Susie Steiner, author of the major new crime novel, Missing, Presumed, provides some valuable insight into the creation of her captivating central character Manon Bradshaw.
My aim in writing Missing, Presumed was to write the book I most wanted to read – a book with all the focus on character and relationships of a literary novel, but propelled forward with the page-turning motor of a thriller. (Two of my pet hates: literary novels where nothing at all happens, or things happen very sloowwwwwwwwly; and conversely hard-boiled thrillers hip-deep in blood and sadism: I am too squeamish.)
Missing, Presumed tells the story of a high profile missing person investigation. The victim, Edith Hind, is a beautiful Cambridge postgrad from a well-connected family, and one of the themes of the novel is the appearance of perfection – with the rather more nuanced reality being revealed during the course of the investigation.
Counterbalancing Edith’s glossy surface-brilliance is the detective heading up the case: Manon Bradshaw is single, 39, and having a miserable time internet dating. Her life is back to back shifts at Cambridgeshire’s major crime unit and crying in the second floor toilets.
My first assumption when I contacted Cambridgeshire police to research the novel was that they would never help me. They probably wouldn’t even reply. Yet six women detectives in CID got in touch, all enthusiastic about working on the manuscript. My second assumption was that none of them would have Manon’s background.
I chose a detective at random and began to email her my questions. I told her my detective, unlikely though it might sound, had studied at Cambridge. ‘Oh no,’ she said, ‘I went to Cambridge, so did my DI.’
She helped enormously in the first year, but her expertise didn’t cover major crime. I needed access to the murder squad, so I emailed the chief superintendant there (who incidentally, went to Cambridge), again thinking I wouldn’t get a look in, and he said, ‘When can you come in?’
During my time with the murder squad – which, before you get excited, is a room full of desktop computers and some white boards – I interviewed people who did every job on the team. And during the course of those interviews I met the detective who was to help me most. DS Graham McMillan, or Macca as he’s known.

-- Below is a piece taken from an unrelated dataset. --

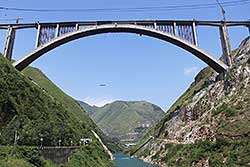 Qinglong-Brücke zwischen Guiyang und Kunming der Schnellfahrstrecke Shanghai - Kunming. Quelle: Wikipedia-Autor HighestBridges, aufgenommen im September 2015
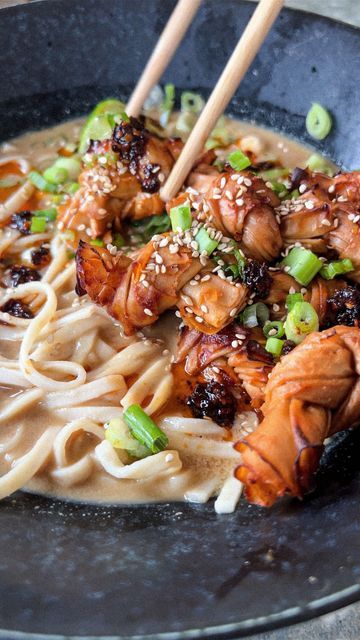 calum harris on Instagram: "OMG BRAND NEW RECIPE USING TOFU KNOTS AND MAKING A GORGEOUS CREAMY RAMEN FOR THEM🍜 this goes out to my mate Christina (@bunchuk) for putting me onto tofu knots. honestly such a surprise for me, as I thought they wouldn’t be worth the effort. but they have honestly changed the metaphorical food game for me. bUt WheRe do U buY toFu KnoTs? Waitrose do them, these are ones from @tofutasty.co and they pack 33g of protein per 75g serving. Mental. right here’s the ingredients to make it: the knots need - 150g dried tofu knots - Boiled in 1 tbsp miso paste + 500ml water - 1 tsp gochujang - 1 tsp sriracha - 1 tsp tomato paste (I used ketchup) - 1 tsp maple syrup - 1 tsp rice wine vinegar - 1 tbsp sesame oil - 3 tbsp light soy sauce the ramen (for each bowl) needs: - Tofu Knots Recipe, Tofu Knots, Creamy Ramen, Recipes Using Tofu, Dried Tofu, Food Game, Red Miso, Miso Paste, Veggie Stock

Macca is very passionate about his job – excited by the puzzle of police work. Yet, while lots of police officers cleave to procedure in a literal way (‘No, that wouldn’t happen, that is not how we do things’), Maca can get into the imaginative mindset of creating a fictional investigation. So, he would say, ‘No, that wouldn’t happen, but maybe if he’d left his phone on in the car, then the signal would lead them to believe…’
Maca is a lover of crime fiction.
He is now helping me with a second Manon Bradshaw novel.
Susie Steiner began her writing career as a news reporter first on local papers, then on the Evening Standard, the Daily Telegraph and The Times. In 2001 she joined the Guardian, where she worked as a commissioning editor for 11 years. Her first novel, Homecoming – described as ‘truly exceptional’ by the Observer – was published by Faber & Faber in 2013. She lives in London with her husband and two children.